Once the line with "Коричневий Рено Меган, об'ємом" is found in the entries below, print it and each following line exactly, stopping after the line with "1410 Hastings Crescent — photo 3"; print nothing else.

EXERCISE MATERIALS Start Marker

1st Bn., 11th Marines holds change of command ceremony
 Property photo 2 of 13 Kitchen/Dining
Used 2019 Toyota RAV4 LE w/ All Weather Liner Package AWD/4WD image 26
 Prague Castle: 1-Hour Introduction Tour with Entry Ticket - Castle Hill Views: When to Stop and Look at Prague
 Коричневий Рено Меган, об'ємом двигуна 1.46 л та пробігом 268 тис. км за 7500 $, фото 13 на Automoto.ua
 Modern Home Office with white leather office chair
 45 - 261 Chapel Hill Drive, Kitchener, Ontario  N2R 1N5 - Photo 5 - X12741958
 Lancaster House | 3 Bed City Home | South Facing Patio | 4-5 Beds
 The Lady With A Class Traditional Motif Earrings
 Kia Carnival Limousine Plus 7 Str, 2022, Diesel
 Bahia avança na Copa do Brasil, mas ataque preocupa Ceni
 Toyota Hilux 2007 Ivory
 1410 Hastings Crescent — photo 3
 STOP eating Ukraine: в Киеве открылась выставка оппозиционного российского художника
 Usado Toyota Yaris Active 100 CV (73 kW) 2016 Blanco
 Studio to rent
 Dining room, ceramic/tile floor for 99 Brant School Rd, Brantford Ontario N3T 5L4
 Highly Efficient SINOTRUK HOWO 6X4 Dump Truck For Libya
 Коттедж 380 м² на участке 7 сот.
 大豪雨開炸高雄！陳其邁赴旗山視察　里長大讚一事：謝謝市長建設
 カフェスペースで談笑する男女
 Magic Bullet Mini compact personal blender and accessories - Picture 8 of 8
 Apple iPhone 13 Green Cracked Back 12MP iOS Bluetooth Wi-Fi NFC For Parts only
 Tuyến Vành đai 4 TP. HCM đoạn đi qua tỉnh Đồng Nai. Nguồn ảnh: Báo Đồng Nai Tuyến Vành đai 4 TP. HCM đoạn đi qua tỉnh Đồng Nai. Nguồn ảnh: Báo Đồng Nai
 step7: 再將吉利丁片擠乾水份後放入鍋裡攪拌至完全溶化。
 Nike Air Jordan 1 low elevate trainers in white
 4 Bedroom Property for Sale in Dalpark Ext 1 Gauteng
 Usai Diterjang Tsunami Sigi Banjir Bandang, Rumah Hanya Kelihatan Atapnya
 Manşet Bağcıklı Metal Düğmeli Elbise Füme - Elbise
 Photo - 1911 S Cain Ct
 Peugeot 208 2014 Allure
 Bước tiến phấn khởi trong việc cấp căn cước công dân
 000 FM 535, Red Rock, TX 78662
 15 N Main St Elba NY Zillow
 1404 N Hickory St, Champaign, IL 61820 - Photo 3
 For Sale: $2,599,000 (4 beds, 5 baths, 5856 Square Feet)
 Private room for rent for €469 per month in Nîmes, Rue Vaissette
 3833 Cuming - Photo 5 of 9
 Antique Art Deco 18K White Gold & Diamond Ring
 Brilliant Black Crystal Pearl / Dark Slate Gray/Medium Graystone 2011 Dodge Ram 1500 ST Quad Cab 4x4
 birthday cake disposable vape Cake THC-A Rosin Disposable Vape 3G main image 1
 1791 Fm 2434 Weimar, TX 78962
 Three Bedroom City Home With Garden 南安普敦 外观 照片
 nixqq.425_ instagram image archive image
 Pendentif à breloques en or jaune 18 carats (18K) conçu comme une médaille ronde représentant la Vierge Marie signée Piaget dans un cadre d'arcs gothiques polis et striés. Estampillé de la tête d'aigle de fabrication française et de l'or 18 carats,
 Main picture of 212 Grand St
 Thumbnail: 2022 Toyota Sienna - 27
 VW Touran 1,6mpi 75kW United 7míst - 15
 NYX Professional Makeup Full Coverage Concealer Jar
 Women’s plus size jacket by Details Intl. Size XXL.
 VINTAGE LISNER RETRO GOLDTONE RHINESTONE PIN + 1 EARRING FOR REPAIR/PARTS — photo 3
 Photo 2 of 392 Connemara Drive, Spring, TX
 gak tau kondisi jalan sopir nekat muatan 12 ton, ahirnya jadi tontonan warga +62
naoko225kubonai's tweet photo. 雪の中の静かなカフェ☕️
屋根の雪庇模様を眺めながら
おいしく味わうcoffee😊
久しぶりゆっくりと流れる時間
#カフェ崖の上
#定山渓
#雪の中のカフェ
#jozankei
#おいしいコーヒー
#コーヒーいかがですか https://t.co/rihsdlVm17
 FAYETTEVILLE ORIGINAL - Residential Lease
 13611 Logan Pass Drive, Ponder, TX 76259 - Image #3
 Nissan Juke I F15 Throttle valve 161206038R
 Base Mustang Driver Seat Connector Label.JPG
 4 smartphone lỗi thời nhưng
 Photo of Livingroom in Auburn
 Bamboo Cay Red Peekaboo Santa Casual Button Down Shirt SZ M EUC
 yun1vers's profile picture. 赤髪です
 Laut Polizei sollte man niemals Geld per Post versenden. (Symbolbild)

EXERCISE MATERIALS End Marker

_TASK OUTPUT_:
 Коричневий Рено Меган, об'ємом двигуна 1.46 л та пробігом 268 тис. км за 7500 $, фото 13 на Automoto.ua
 Modern Home Office with white leather office chair
 45 - 261 Chapel Hill Drive, Kitchener, Ontario  N2R 1N5 - Photo 5 - X12741958
 Lancaster House | 3 Bed City Home | South Facing Patio | 4-5 Beds
 The Lady With A Class Traditional Motif Earrings
 Kia Carnival Limousine Plus 7 Str, 2022, Diesel
 Bahia avança na Copa do Brasil, mas ataque preocupa Ceni
 Toyota Hilux 2007 Ivory
 1410 Hastings Crescent — photo 3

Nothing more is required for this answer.